Reconsidering how we think about public figures' personal responsibilities
I have been musing lately about public versus private responsibility. After David Petraeus resigned from the CIA last month, many people questioned whether he should have stepped down, arguing that his value to the country should outweigh whatever was happening in his private life. I am in the camp of those who think that he absolutely had to resign because his ability to lead an agency of people who are trained from Day One to avoid any behavior that could expose them to blackmail and thus compromise national security was irrevocably compromised.
But I was struck that no commentary I saw ever suggested that he had to resign because of his responsibility to his wife and children. He betrayed his marriage vows to his wife and jeopardized the very foundation of his family; as he himself said, he now has a great deal of work to do to repair the damage.
I do not sit in judgment of his behavior. Many marriages have encountered and survived similar troubles, and affairs can happen even when the parties involved do not want or intend them. And I recognize the importance of some divide between the public and private spheres. But I still wonder why an individual's private responsibilities—responsibilities to spouse and family that married people pledge to honor before a community of family and friends on their wedding day just as public officials pledge to uphold the constitution when they took public office—do not seem to be part of the public calculus of value.
This question is raised even more sharply by a new film I strongly recommend, The Man Nobody Knew, an account of the life of another CIA director, William Colby, by his son and documentary film-maker Carl Colby. We screened it at the Woodrow Wilson School at Princeton last week and then had a question-and-answer session with Colby. The most compelling character in the film is his mother, Barbara Colby. She never fully knew what her husband was doing but supported him fully and loyally over decades in the belief that he, and thus she, were working for a higher public cause. She stood by him through years of separation when he was heading up the infamous Phoenix program in Vietnam, a program that killed thousands of Vietcong often simply on the word of fellow villagers, and then through an intense and humiliating Congressional grilling over the exposure of CIA global activities after Watergate. Yet after he was fired by Gerald Ford in favor of political "loyalist" George H.W. Bush, he asked for a divorce, to her evident surprise, and married a younger woman. Carl Colby ends the film by revealing that when his father committed suicide (as he believes), he had on him a picture of Carl's sister Catherine, who died of epilepsy and anorexia at age 24. Carl reports that he only saw his father cry twice, once when his sister died and once at the fall of Saigon.
I was left with the impression of a man who tried to do the right thing, by his lights, in the public sphere, but failed his family completely in the private sphere. Before the final credits, Carl asserts that he is not certain, in the end, that his father ever actually loved anyone. I could not help wondering whether a man more capable of love and compassion toward his family would have asked more questions about the wisdom of assassinating so many fathers, sons, and brothers of Vietnamese villagers, whose "support" for the North Vietnamese was often a function of intense pressure or a desire to feed their families.

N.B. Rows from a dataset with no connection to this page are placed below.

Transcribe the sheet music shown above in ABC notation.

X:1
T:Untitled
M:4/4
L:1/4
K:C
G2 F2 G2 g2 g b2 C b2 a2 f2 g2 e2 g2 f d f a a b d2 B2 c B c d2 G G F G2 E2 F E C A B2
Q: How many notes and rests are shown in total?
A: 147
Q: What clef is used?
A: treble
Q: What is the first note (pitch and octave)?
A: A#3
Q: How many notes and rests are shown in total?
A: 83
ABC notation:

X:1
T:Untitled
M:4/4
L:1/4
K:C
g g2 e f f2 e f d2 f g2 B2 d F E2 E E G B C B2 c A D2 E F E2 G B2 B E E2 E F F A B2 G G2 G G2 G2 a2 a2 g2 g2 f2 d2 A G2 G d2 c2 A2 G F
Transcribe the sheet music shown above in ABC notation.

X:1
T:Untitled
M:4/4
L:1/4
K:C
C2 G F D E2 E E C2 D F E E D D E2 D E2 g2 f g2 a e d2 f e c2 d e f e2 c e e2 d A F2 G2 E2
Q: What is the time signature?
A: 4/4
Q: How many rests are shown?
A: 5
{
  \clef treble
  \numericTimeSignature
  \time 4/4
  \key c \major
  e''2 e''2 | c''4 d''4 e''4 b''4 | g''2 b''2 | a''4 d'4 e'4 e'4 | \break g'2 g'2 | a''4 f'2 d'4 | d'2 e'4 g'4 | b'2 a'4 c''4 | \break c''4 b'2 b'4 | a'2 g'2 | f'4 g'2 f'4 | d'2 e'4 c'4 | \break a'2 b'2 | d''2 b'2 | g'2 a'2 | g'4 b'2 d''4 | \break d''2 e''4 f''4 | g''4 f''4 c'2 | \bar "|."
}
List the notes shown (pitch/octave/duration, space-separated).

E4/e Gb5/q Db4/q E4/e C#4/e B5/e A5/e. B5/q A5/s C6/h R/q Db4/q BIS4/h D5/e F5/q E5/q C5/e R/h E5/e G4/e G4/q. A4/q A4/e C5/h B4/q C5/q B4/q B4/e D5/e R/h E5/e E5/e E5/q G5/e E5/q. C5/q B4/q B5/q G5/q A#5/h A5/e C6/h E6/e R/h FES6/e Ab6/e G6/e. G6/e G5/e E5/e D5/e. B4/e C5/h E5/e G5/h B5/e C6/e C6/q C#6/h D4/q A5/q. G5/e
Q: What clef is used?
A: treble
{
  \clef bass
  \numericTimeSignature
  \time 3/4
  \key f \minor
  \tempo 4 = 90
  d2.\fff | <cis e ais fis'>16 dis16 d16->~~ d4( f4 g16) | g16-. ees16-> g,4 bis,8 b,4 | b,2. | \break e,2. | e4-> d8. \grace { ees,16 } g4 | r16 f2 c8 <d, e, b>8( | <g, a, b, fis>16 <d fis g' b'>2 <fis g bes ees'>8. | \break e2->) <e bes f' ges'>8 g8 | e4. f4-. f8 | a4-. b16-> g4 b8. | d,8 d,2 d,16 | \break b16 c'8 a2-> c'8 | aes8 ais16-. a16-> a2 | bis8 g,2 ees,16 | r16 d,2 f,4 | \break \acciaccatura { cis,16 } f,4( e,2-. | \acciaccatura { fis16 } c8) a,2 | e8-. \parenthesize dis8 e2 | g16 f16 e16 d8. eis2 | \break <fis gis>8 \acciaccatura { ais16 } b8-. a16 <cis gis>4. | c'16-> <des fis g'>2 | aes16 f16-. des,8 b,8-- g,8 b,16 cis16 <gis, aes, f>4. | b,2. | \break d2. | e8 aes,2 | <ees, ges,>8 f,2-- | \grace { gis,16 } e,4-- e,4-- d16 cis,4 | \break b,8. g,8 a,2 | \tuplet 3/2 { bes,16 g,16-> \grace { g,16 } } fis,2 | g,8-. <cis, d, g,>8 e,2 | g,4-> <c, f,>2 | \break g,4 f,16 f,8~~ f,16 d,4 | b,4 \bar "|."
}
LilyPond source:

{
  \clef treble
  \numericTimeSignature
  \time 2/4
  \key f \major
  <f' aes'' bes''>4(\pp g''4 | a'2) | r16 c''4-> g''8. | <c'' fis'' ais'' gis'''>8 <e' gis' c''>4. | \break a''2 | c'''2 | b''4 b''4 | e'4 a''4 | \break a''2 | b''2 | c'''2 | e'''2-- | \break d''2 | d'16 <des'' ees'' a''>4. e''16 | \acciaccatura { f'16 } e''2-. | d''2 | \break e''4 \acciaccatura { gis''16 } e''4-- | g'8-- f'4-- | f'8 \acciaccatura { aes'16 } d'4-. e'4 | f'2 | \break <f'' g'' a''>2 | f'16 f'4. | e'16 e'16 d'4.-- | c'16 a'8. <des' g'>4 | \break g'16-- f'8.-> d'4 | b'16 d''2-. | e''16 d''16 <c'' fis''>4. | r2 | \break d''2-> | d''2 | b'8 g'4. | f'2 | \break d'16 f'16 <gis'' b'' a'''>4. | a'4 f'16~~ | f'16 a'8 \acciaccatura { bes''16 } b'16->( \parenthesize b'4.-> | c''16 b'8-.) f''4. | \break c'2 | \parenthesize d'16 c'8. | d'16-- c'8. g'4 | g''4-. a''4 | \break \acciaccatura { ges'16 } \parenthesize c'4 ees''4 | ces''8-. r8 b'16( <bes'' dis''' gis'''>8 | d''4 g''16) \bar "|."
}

I recently participated in a discussion with another former State Department official who left her job, as I did, for family reasons. She pointed out that we often hear that a public official "sacrificed" his personal life on the altar of public service. The phrase is used approvingly, indicating that it is a measure of his devotion to the public good. A more accurate phrase would be that he (or she, but historically it has been far more likely to be he) "sacrificed his family on the altar of public service," since his wife and children often bear the cost far more directly and painfully than he does.